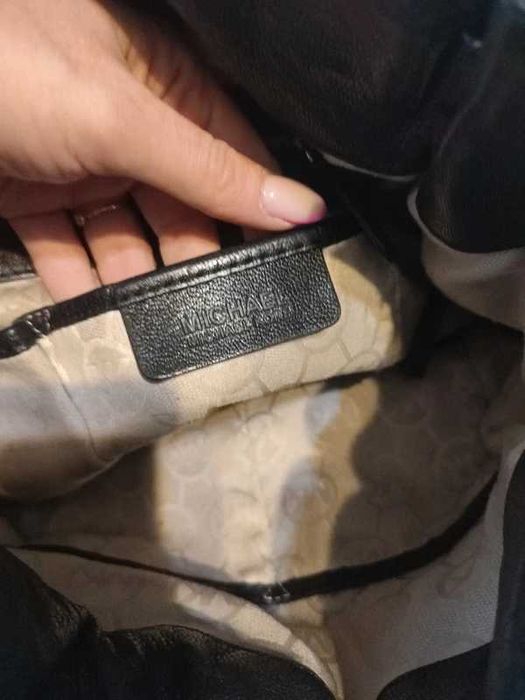 Michael Kors Hamilton czarna torebka klasyk, skóra naturalna. A4
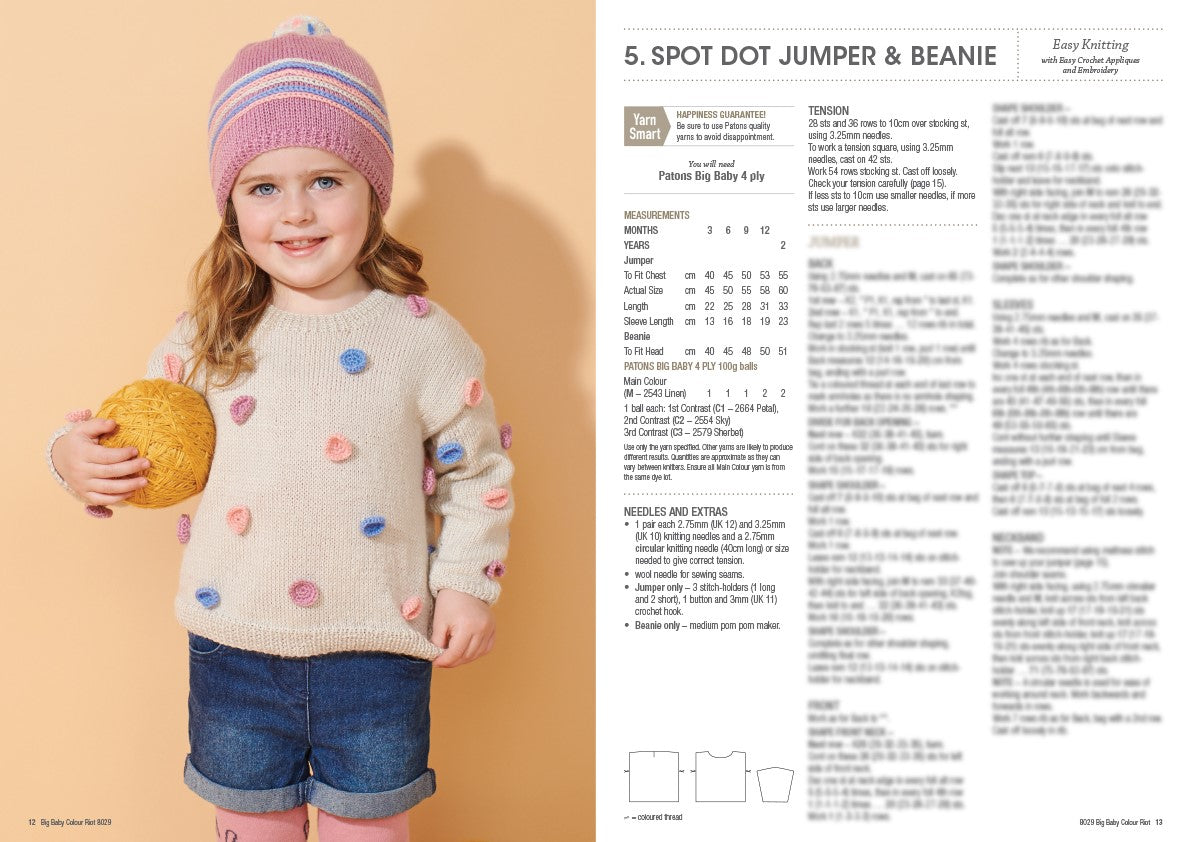 Big Baby Colour Riot - Patons Book 8029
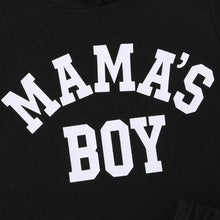 Load image into Gallery viewer, Kids MAMA&#39;S BOY Graphic Short Sleeve Hoodie and Shorts Set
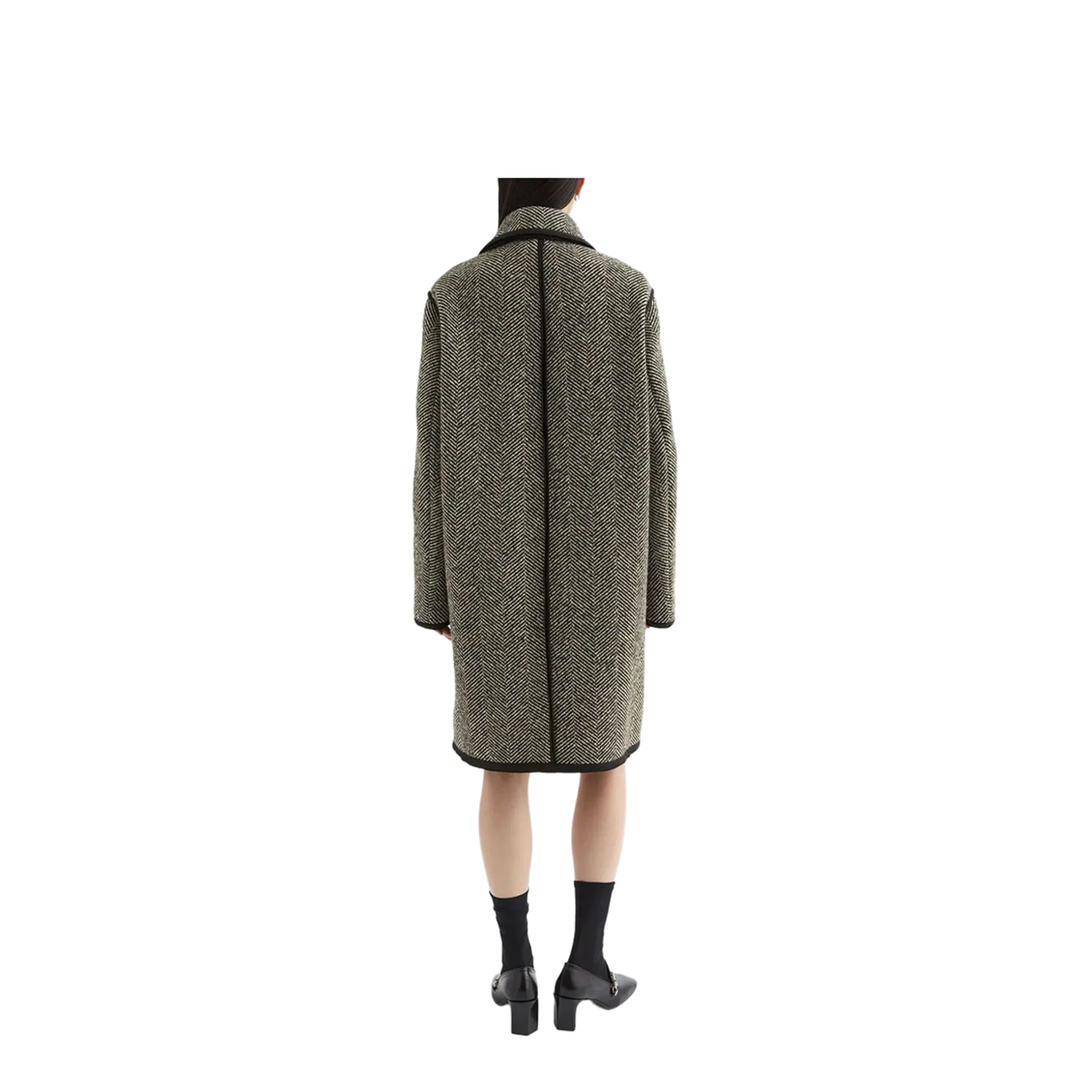Wool Tweed Coat - Image 4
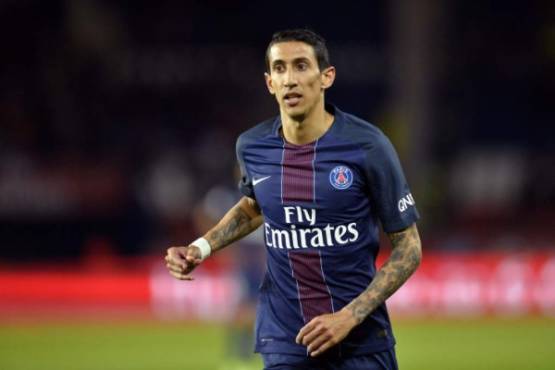 PARIS, FRANCE - MAY 20: Angel Di Maria of Paris Saint-Germain reacts during the Ligue 1 match between Paris Saint-Germain and SM Caen at Parc des Princes on May 20, 2017 in Paris, France. (Photo by Aurelien Meunier/Getty Images )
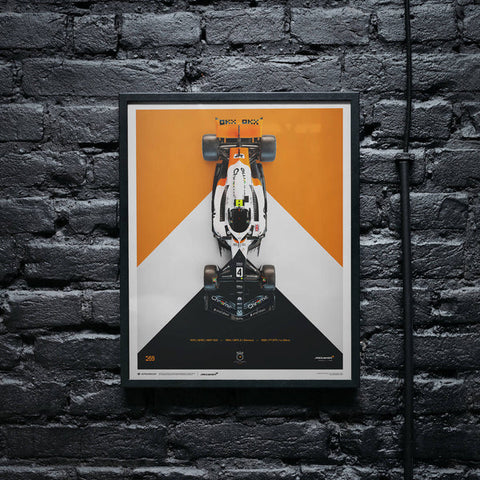 McLaren Formula 1 Team Lando Norris The Triple Crown Livery 60th Anniversary - 2023 Automobilist Poster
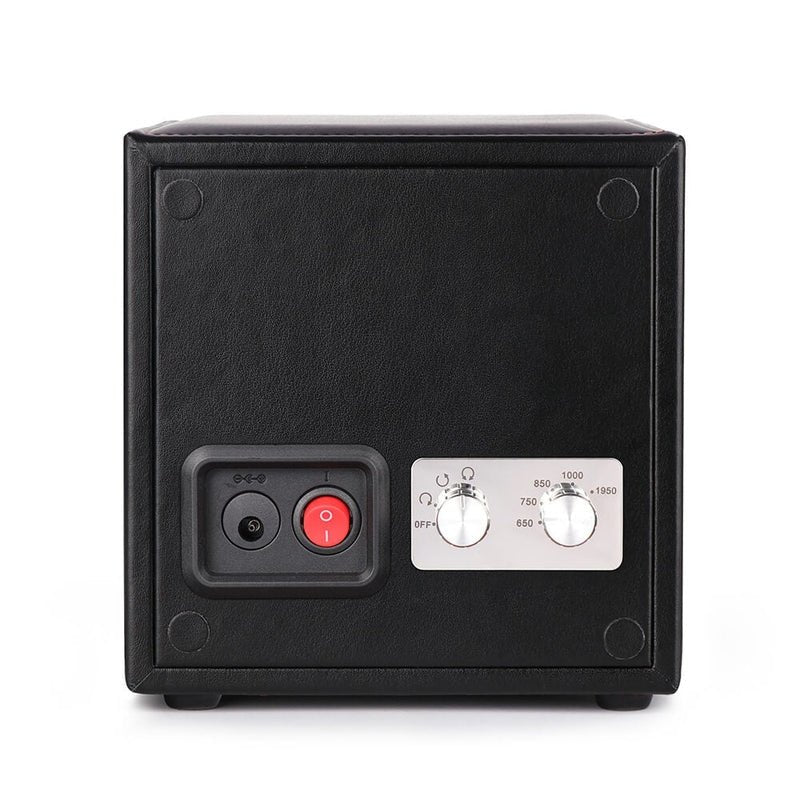 Single Watch Winder Black Leather Red Lining Mains or Battery by Aevitas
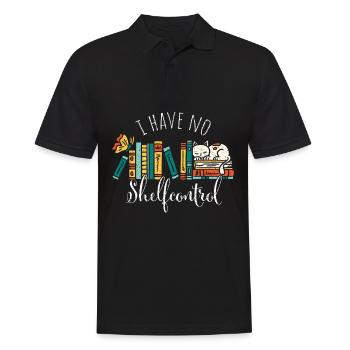 Livres Shelfcontrol Lire le roman du bibliothécaire - Polo Homme - noir - Devant - Kai (181cm)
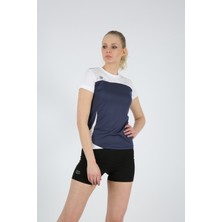 Dafron Kadın Lacivert Antrenman T-Shirt Şık Tasarım ve Rahat Kesim ile Günlük Kullanım İçin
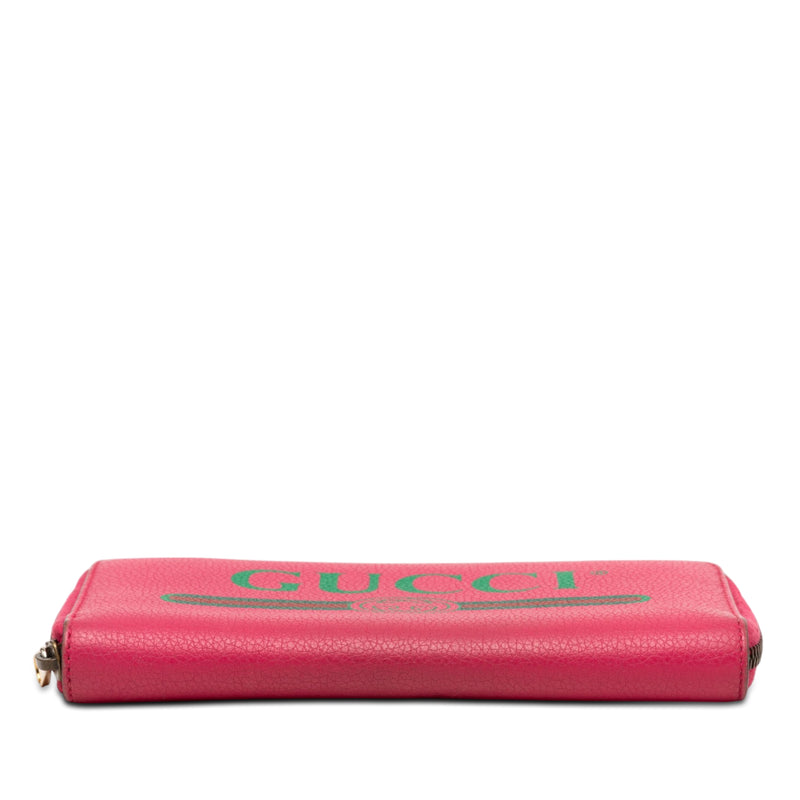 Grained Calfskin Web Logo Zip Around Wallet - Image 3
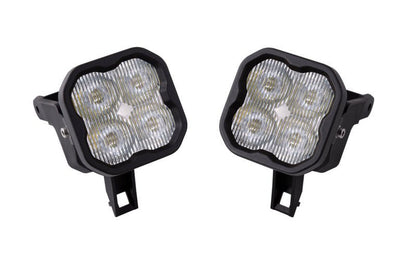 Diode Dynamics 99-10 Ford Excursion/F-250/F-350/F-450/F-550 Super Duty/Ranger SS3 LED Fog Light Kit-Fog Lights-Diode Dynamics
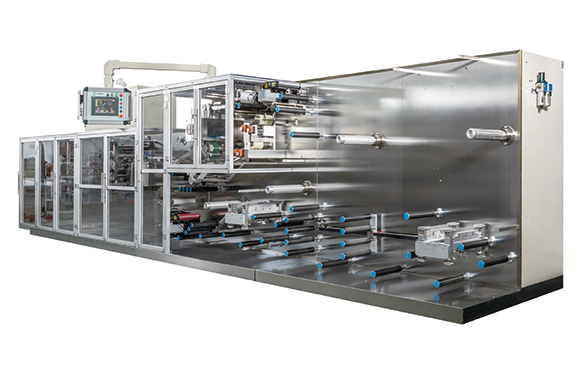 Máquina de embalaje - para toallitas húmedas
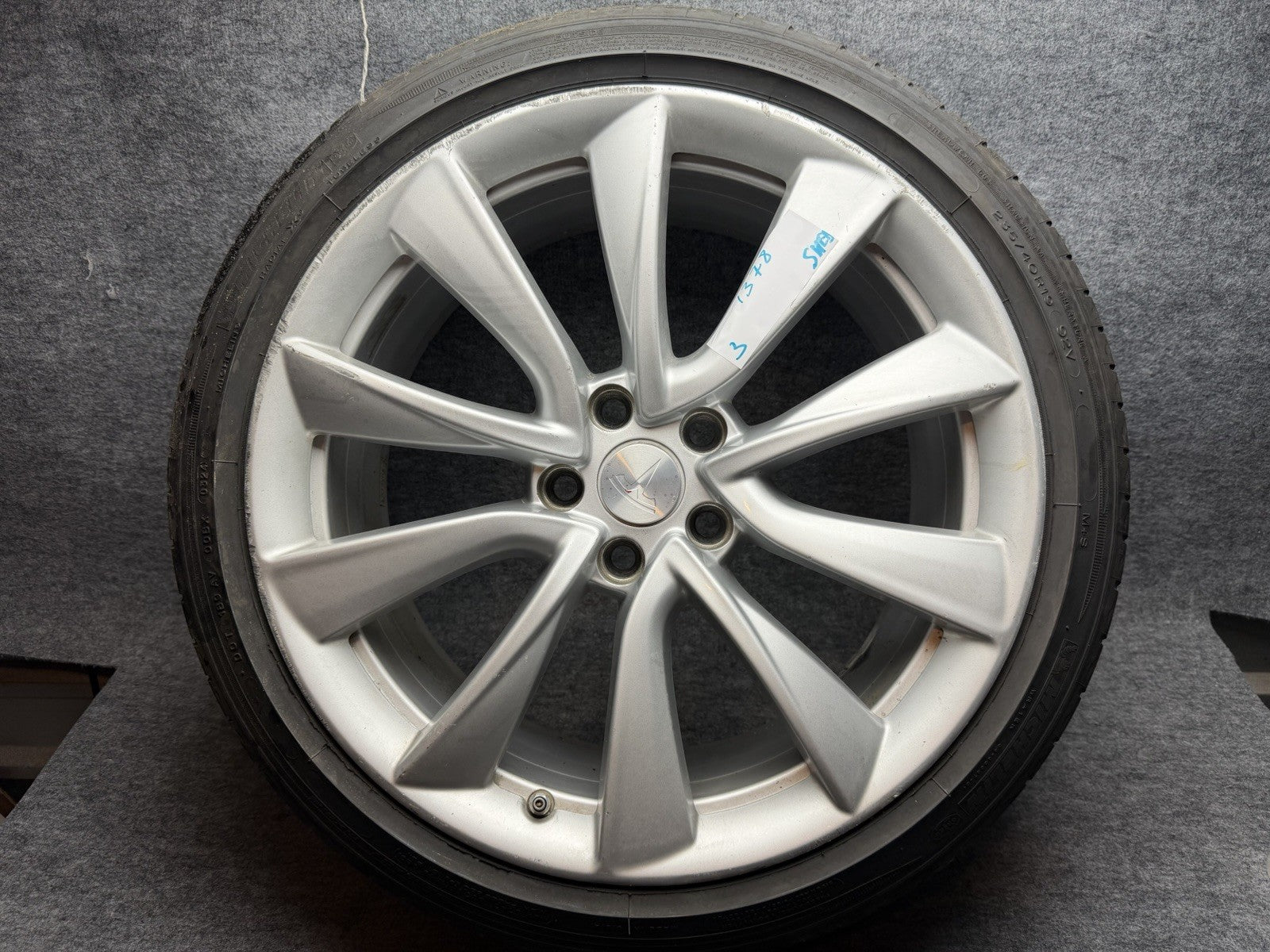 ♦️2017 – 2023 TESLA MODEL 3 ALUMINUM REPLACEMENT WHEEL TIRE OEM, 1044224-00-A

——

== EXERCISE BRIEF ==
Only an exact copy is wanted: the lines from the opening of the material through the line that has "Grained Calfskin Web", minus any pictures.

== RESPONSE TO THE TASK ==
 Michael Kors Hamilton czarna torebka klasyk, skóra naturalna. A4
 Big Baby Colour Riot - Patons Book 8029
 Load image into Gallery viewer, Kids MAMA&#39;S BOY Graphic Short Sleeve Hoodie and Shorts Set
Wool Tweed Coat - Image 4
 PARIS, FRANCE - MAY 20: Angel Di Maria of Paris Saint-Germain reacts during the Ligue 1 match between Paris Saint-Germain and SM Caen at Parc des Princes on May 20, 2017 in Paris, France. (Photo by Aurelien Meunier/Getty Images )
 McLaren Formula 1 Team Lando Norris The Triple Crown Livery 60th Anniversary - 2023 Automobilist Poster
 Single Watch Winder Black Leather Red Lining Mains or Battery by Aevitas
 Livres Shelfcontrol Lire le roman du bibliothécaire - Polo Homme - noir - Devant - Kai (181cm)
 Dafron Kadın Lacivert Antrenman T-Shirt Şık Tasarım ve Rahat Kesim ile Günlük Kullanım İçin
 Grained Calfskin Web Logo Zip Around Wallet - Image 3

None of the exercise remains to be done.